Thomas Bambridge

For the protestant controversialist, sometimes written Thomas Bambridge, see Thomas Bainbrigg (controversialist).
A painting of six men wearing white wigs, and dressed elegantly, seated around a table covered with a green cloth. Eight men, also wearing wigs and dressed in finery, are standing behind the table. One man without a wig, dressed in a rougher style, and with a rough-looking face, stands at the front of the table, addressing the others. Another rough-looking man stands at the back. A black man wearing only a cloth around his waist kneels in front of one of the men wearing a wig. The black man is wearing an iron device around his neck. Another iron device is lying on the floor behind him.
Thomas Bambridge (standing, far left) being questioned by James Oglethorpe (believed to be the figure seated, far left, in front of Bainbridge) of the parliamentary Gaols Committee, which visited the Fleet on 27 February 1729. Sir Archibald Grant (standing third from the right) commissioned this painting from William Hogarth, who sketched it when he accompanied the committee on the visit, later painting it in oil.[1]

Thomas Bambridge (died c. 1750) was a notorious warden of the Fleet Prison in England.

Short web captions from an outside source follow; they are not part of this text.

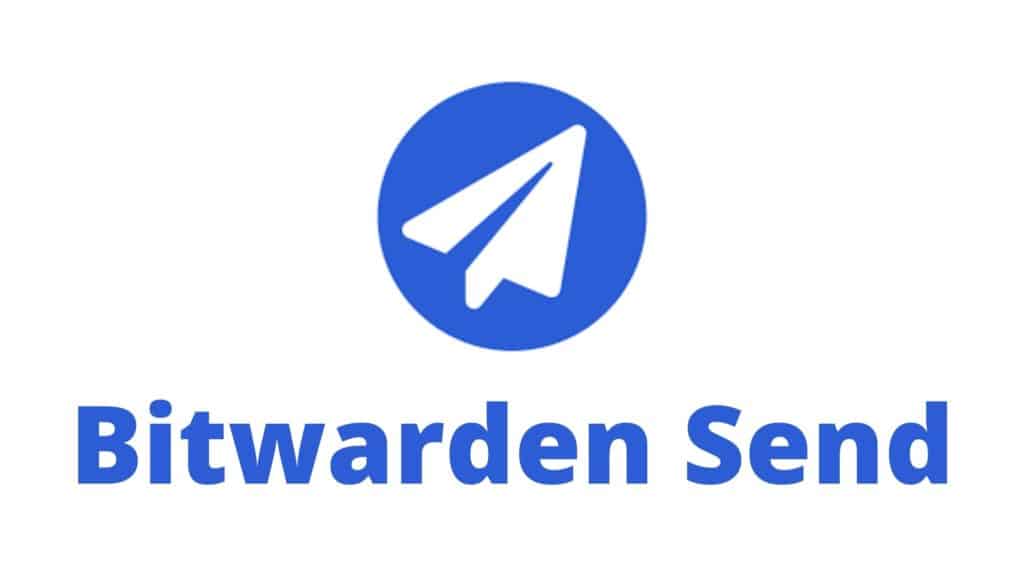 Bitwarden Send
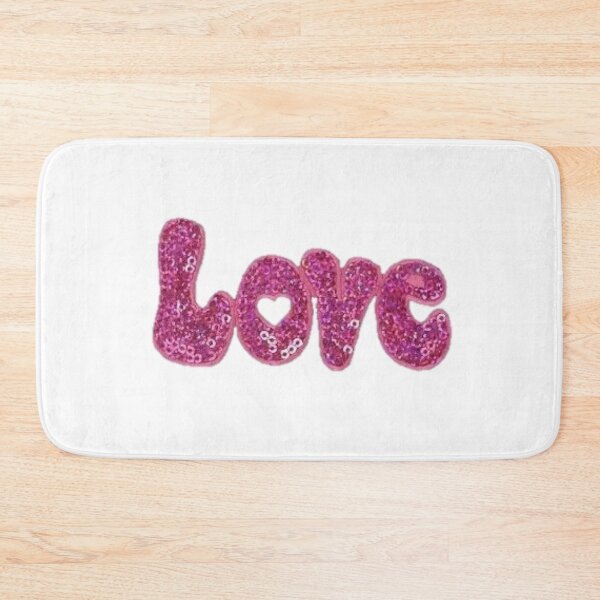 Item preview, Love: Hot Pink Sequins designed and sold by zarabukhari.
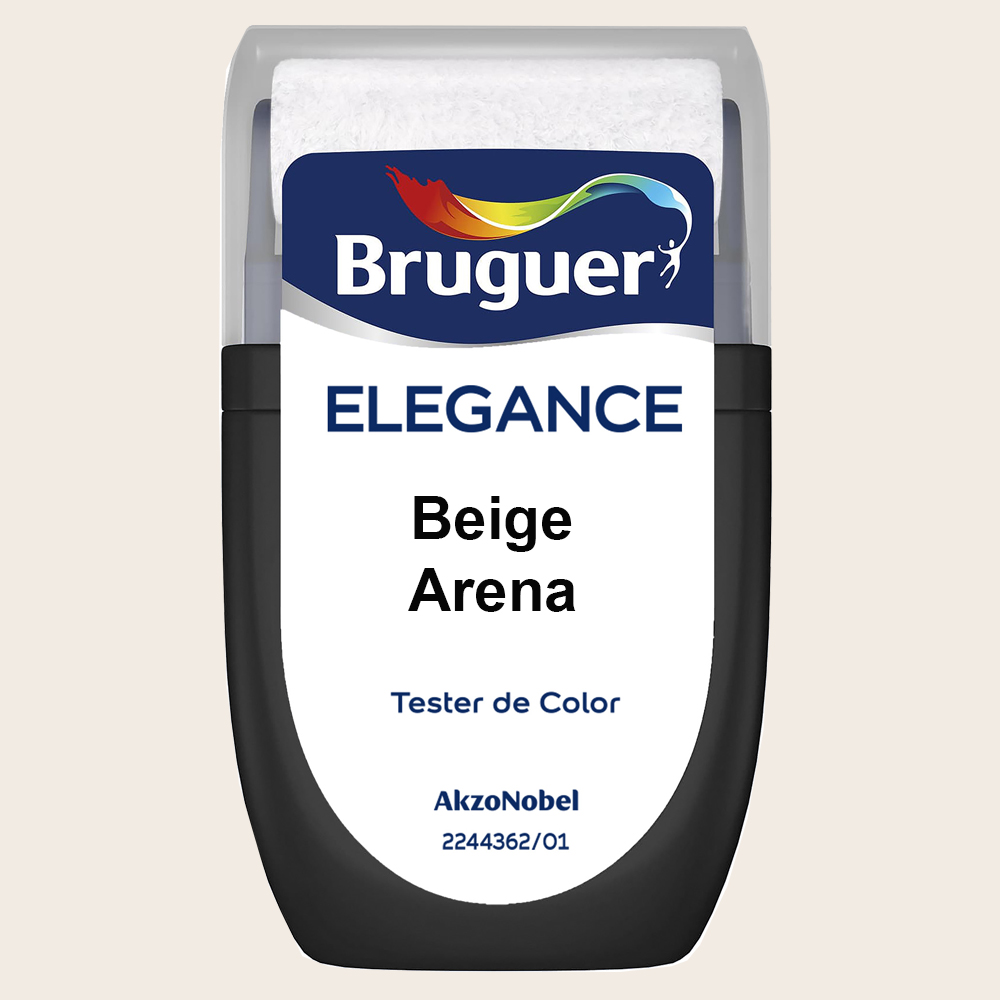 Tester Bruguer Elegance Beige Arena 30 ml
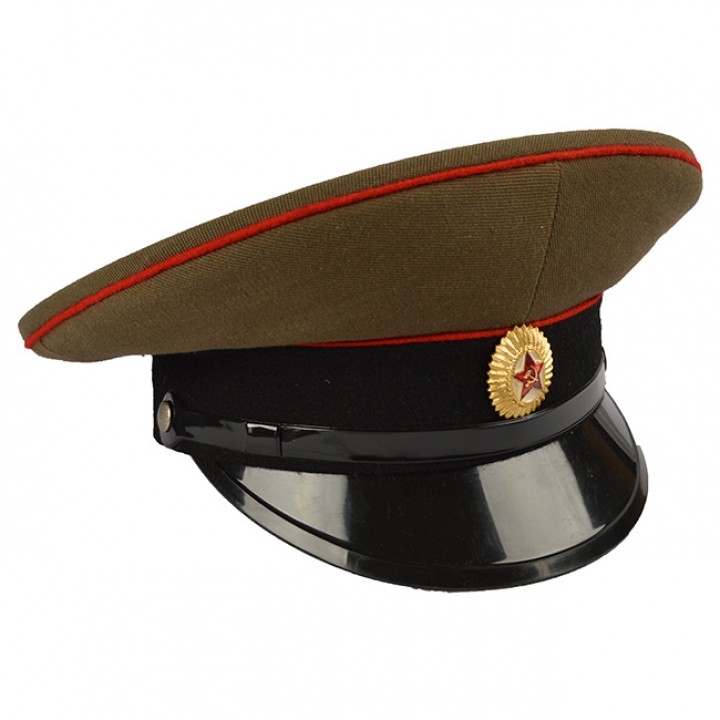Brigadýrka RUSKÁ dôstojnícka ČERVENÁ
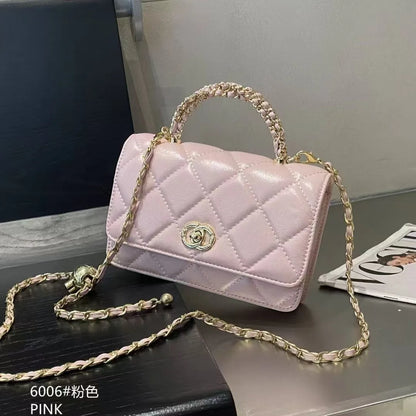 Popular Fashion Style Handbag For Women Leather Crossbody Shoulder Tote Bag Ladies Luxury Office Elegant Shoulder Bag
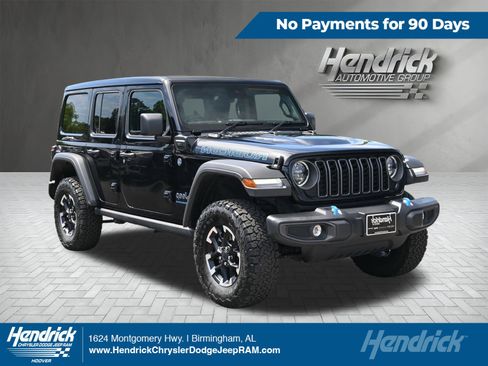 Used 2025 Jeep Wrangler Unlimited Rubicon 4xe w/ Convenience Group AWD/4WD image 1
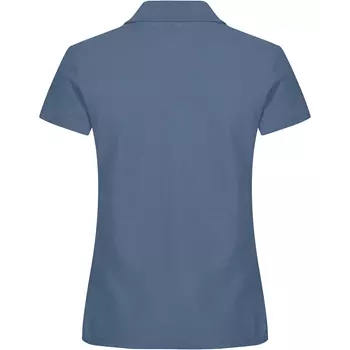 Clique Basic dame polo T-Skjorte, Steel Blue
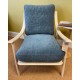  SHOWROOM CLEARANCE ITEM - Ercol Furniture Marino Chair in E813 with Clear Matt finish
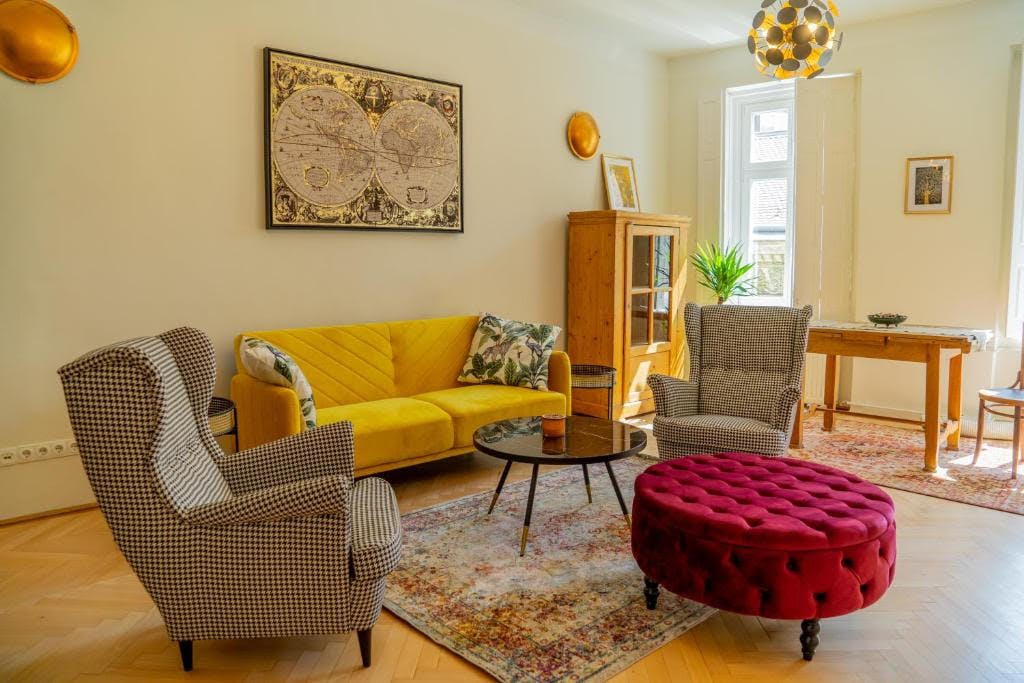 Appartement te huur voor HUF 472.244 per maand in Budapest, Semmelweis utca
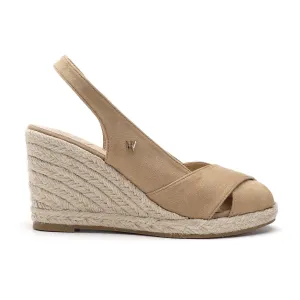 Bella Taupe Espadrille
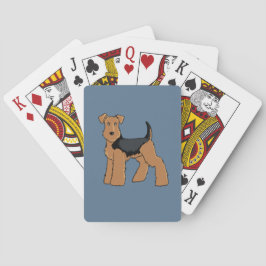 Welsh Terrier-spelkort Casinokort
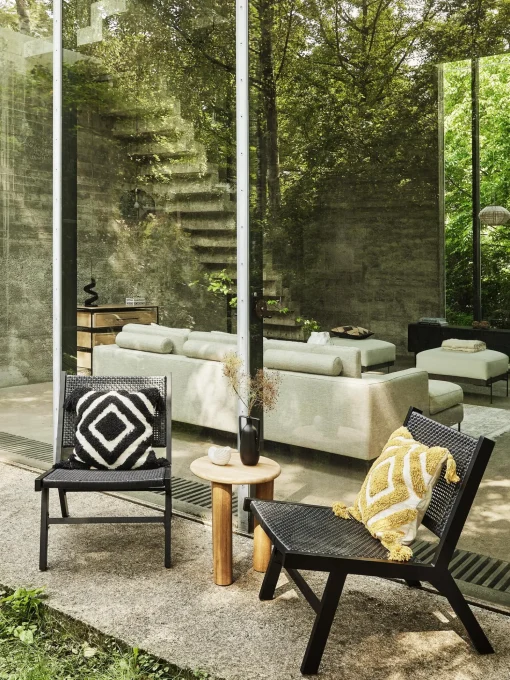 Sillon Para Exterior En Aspecto Madera Palina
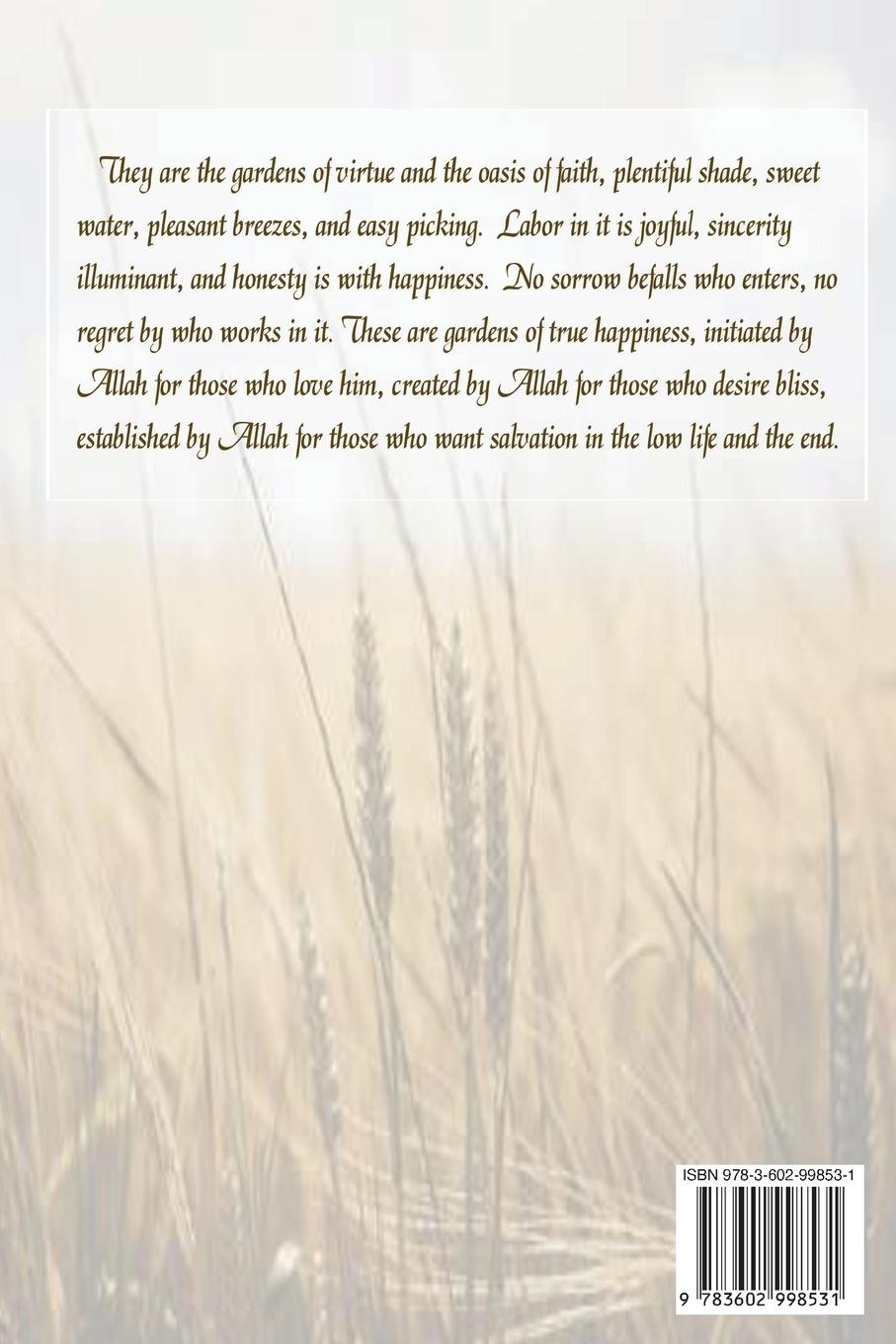 Rückseitencover The Gardens of Virtue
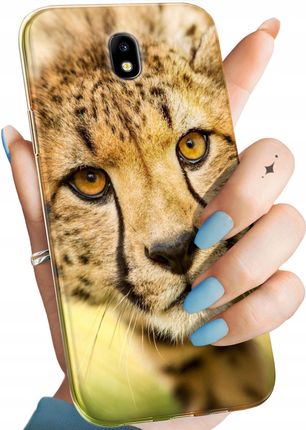 Hello Case Etui Do Samsung Galaxy J7 2017 Gepard Cętki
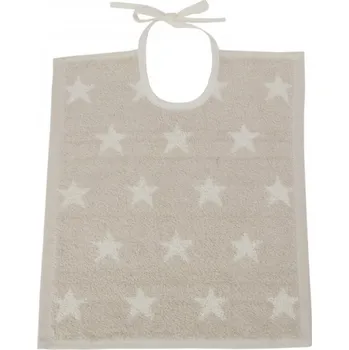 Dětský bryndák ORGANIC STARS, béžová, Framsohn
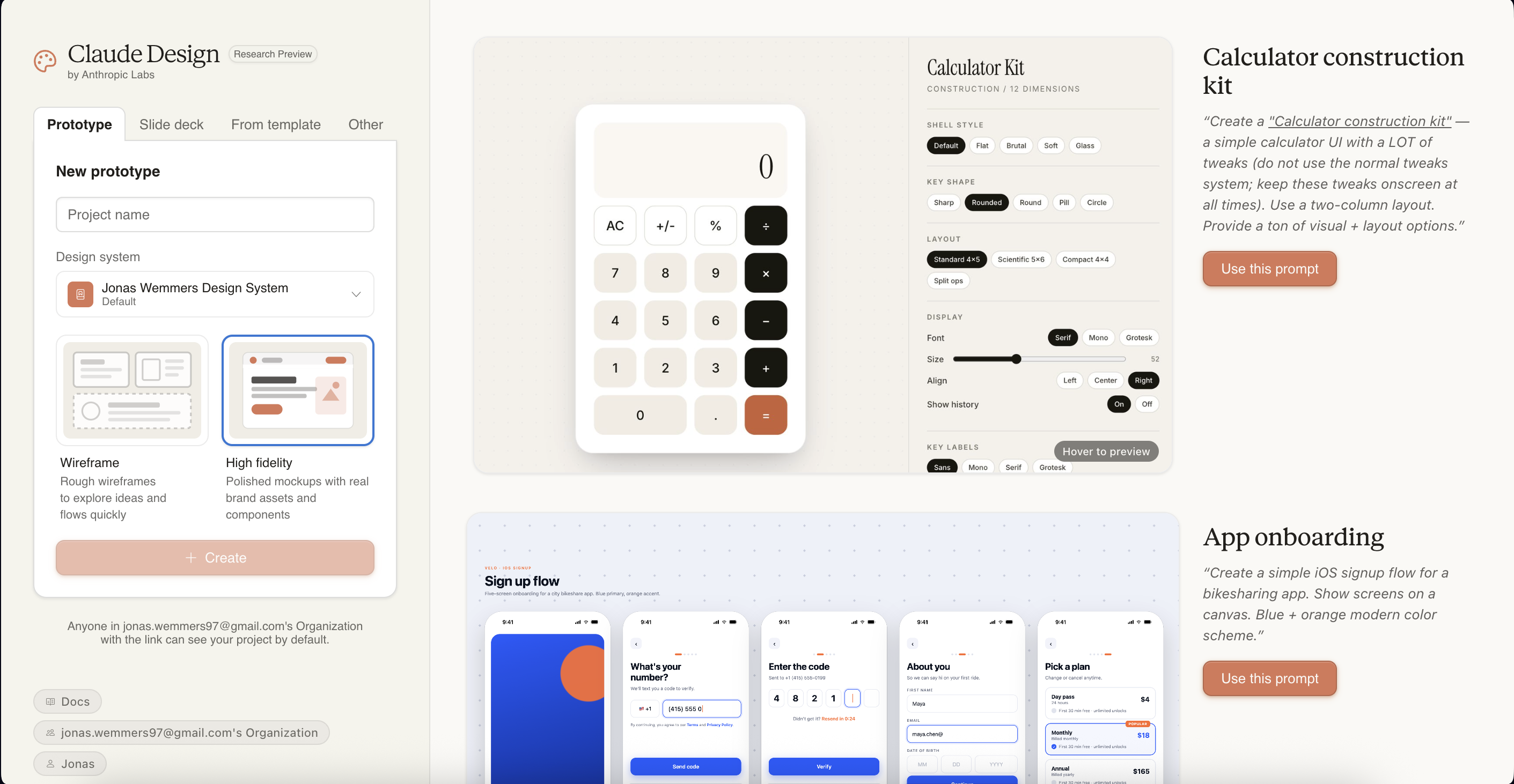 Handoff-Bundle Feature in Claude Design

Bambridge became warden of the Fleet in 1728. He had paid, with another person, £5000 to John Huggins for the wardenship. He was found guilty of extortion, and, according to a committee of the House of Commons appointed to inquire into the state of English gaols, arbitrarily and unlawfully loaded with irons, put into dungeons, and destroyed prisoners for debt, treating them in the most barbarous and cruel manner, in violation of the law. He was committed to Newgate Prison, and an act was passed to prevent his enjoying the office of warden.

Notes

  1. The prisoner in irons is thought to be the Portuguese Jacob Mendez Solas, the first prisoner to be jailed for debt in the Fleet wearing double irons. See The Gaols Committee of the House of Commons, National Portrait Gallery accessed 13 September 2009.